Maryland Legislature Passes Law Prohibiting Minimum Prices
A recently enacted Maryland law, the Maryland Antitrust Act, prohibits manufacturers and resellers from imposing minimum prices on the resale of their products. This law, which applies to dealers or retailers doing business in Maryland, as well as transactions in which consumers in Maryland purchase products on the internet, may have a substantial impact on how franchisors and distributors approach pricing decisions for their products.
Specifically, the law provides that “a contract, combination, or conspiracy that establishes a minimum price below which a retailer, wholesaler, or distributor may not sell a commodity or service is an unreasonable restraint of trade.” The law will take effect on October 1 of this year.
Prior to 2007, setting minimum prices for the resale of products, or minimum vertical price fixing, was considered “per-se” illegal.
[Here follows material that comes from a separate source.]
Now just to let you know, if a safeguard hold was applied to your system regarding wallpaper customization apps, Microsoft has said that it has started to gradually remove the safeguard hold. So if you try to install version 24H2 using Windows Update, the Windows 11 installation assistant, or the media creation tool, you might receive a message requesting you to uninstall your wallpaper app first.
However, a controversial U.S. Supreme Court case, Leegin Creative Leather Products, Inc. v. PSKS, Inc., provided that minimum vertical price fixing would be reviewed on a case-by case basis to ensure that antitrust laws are not violated, and thus are not “per se” illegal. According to Leegin, those agreements that do not stifle competition are allowable under the law. Thus, this Supreme Court decision allowed many franchisors to consider setting minimum prices across the franchise system.
The Maryland Antitrust Act is just one piece of legislation aimed at addressing and pre-empting the Leegin decision. An identical bill was previously introduced in the U.S. Senate, but died prior to enactment. According to a Wall Street Journal article entitled "State Law Targets 'Minimum Pricing,'” published on April 28, 2009, more than 30 states filed briefs in the Leegin Supreme Court case, and these states may consider similar legislation.